Poursuivant l'oeuvre qu'il a entreprise - montrer de quels hommes de valeur nous sommes tous, en 1971, les héritiers intellectuels - L.-A. Maugendre s'attache ici à la personnalité proprement étonnante de Louis Bertrand : un Lorrain, fils de pauvres, un "homme des frontières" qui, à sa sortie de l'École Normale Supérieure, devient professeur de lycée à Aix, puis à Bourg, à Alger et Montpellier.
En 1904, à 38 ans, il quitte l'université pour faire carrière dans les lettres. Le succès de ses premiers romans algériens - Le sang des races, La Gina et Pépète le bien-aimé, ceux où fraternisent des pataouètes français, italiens et espagnols - l'a encouragé à prendre cette décision. Il ne le regrettera jamais.

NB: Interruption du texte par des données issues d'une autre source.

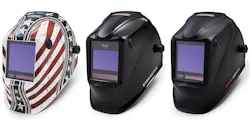 Lincoln Electric welding helmets Lincoln Electric welding helmets
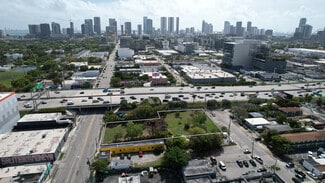 Plus de détails pour 645-661 NW 28th St, 654-656 NW 29th St, Miami, FL - Terrain à louer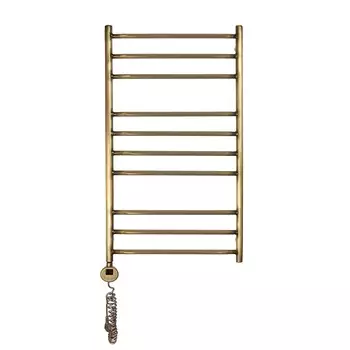 Полотенцесушитель электрический Domoterm Медея П10 50х80 АБР EL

Sa conversion à Bethléem, puis ses voyages, alors qu'il s'est installé à Nice, ensuite à Antibes, nous révèlent un autre aspect de l'homme qui devait, en 1925, succéder à Maurice Barrès sous la Coupole. Louis Bertrand se fait le biographe de saint Augustin et de sainte Thérèse d'Avila, l'historien des martyrs d'Afrique du Nord ; il s'intéresse à l'Espagne de Philippe II et de Marie-Louise d'Orléans, aux événements contemporains aussi, ceux en particulier dont la Méditerranée - Mare nostrum - se trouve être l'enjeu.
Car il n'a qu'une passion, la France. Il s'est voué, corps et âme, à l'épopée "latine" que son pays conduit alors en Afrique du Nord, après l'exaltation qu'ont voulu y susciter Jules Cambon et le cardinal Lavigerie. Qui se souvient aujourd'hui des discours que lui, le "laïc", il prononça lors des Congrès eucharistiques de Carthage (mai 1930) et d'Alger (mai 1939) ?

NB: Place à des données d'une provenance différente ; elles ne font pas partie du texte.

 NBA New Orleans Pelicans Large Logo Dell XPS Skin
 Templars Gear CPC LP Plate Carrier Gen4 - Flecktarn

La défaite de juin 1940, qui installe des gauleiters en Lorraine comme en Alsace, sera cause de sa mort. Ce serait si dur, à mon âge, de reprendre une âme de vaincu, avait-il écrit le 15 février précédent. Je suis trop Lorrain pour n'avoir pas une défiance extrême de l'Allemand.
A l'appui de documents inédits, tel est l'homme présenté au tribunal de l'Histoire.